昨日の私の発信は、いささか社会保険庁を守りすぎではないか。誰から指摘されたわけではないものの、本日昼に行われた院内での議員団会議でのやりとりから、改めて自覚するに至りました。なかなか大変な作業ではあったため、未処理データ件数が約5000万件残ったということをどう見るかという点がポイントです。懸命にやったが、残ってしまったと見るか、積極的な努力を怠り、単に事務処理として60歳になって年金を受け取る権利が生じる際に、年金記録を統合するだけだったかどうか、ということです。私は前者だと思いたいのですが、どうもそうではない、後者だとの見方が党内でも一般的です。


 わが党の福島豊議員は、先日の厚生労働委員会での質問で、平成9年の基礎年金番号に統合する段階で、十分な準備や対応をし、その後の作業に万全を尽くす必要があるとしていたらよかったのに、そうではなかったとし、その前年から準備を進めてきた当時の厚生大臣であった菅直人氏の責任に言及しました。これはテレビ朝日の報道ステーションでも田勢康弘(早大大学院教授)さんが「(当時)菅さんだって厚生大臣やってたわけですからね。あなた方(民主党)にだって責任あるだろうというのが国民の声だろうと思いますよね」と指摘しています。


 実は、この基礎年金番号導入がもたらす諸問題については、参議院公明党の山本保氏が平成8年の本会議で「多くの国民は、大丈夫なのか、と心配している」と指摘。それに、菅氏は「徹底した対策を講じ、万全を期してまいりたい」と答弁しているのです。

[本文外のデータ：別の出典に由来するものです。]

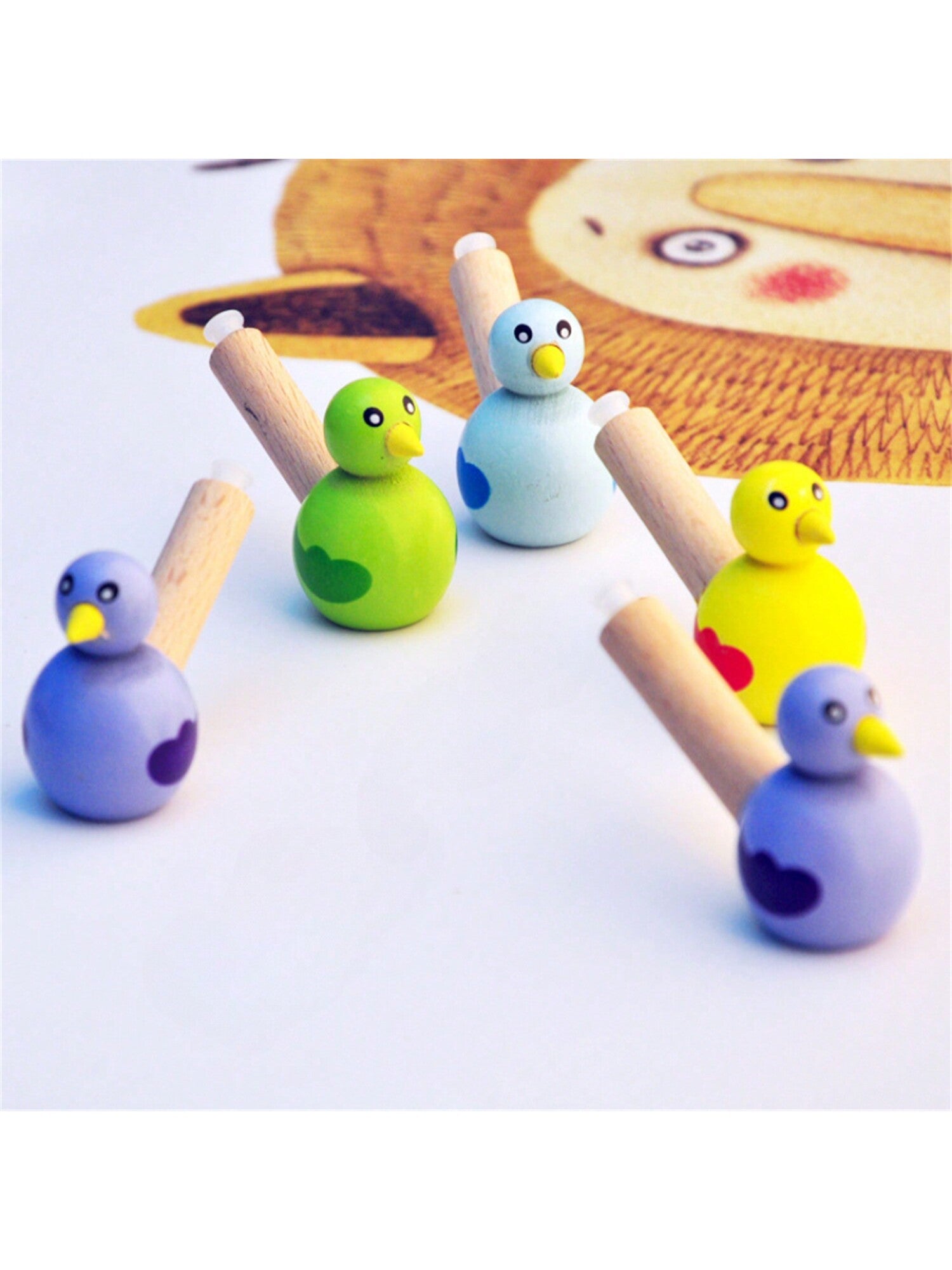 1Pc Mini Colorful Wooden Bird-Shaped Whistle Indoor Outdoor Play Crisp Whistle Sound Toddler Gift Random Color Musical Instruments,Whistle,Music,Musical Instruments,Instruments,Music,Kids Microphone,Toddler Musical Instruments Wooden,Kids Drums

 小沢さん、菅さんら民主党は過去を忘れたかのごとく、「給付につながらないのは、ねこばばの構造だ」(菅直人氏)などと安倍政権批判の最大の武器として攻撃していますが、首をかしげざるをえません。この問題は与野党を超えて真摯に取り組むべきものです。「(菅氏に)責任がないとは言い切れない。人事(ひとごと)のように批判すること自体、責任逃れではないだろうか」(産経新聞5月30日付け『主張』)との指摘が的を射ていると言えましょう。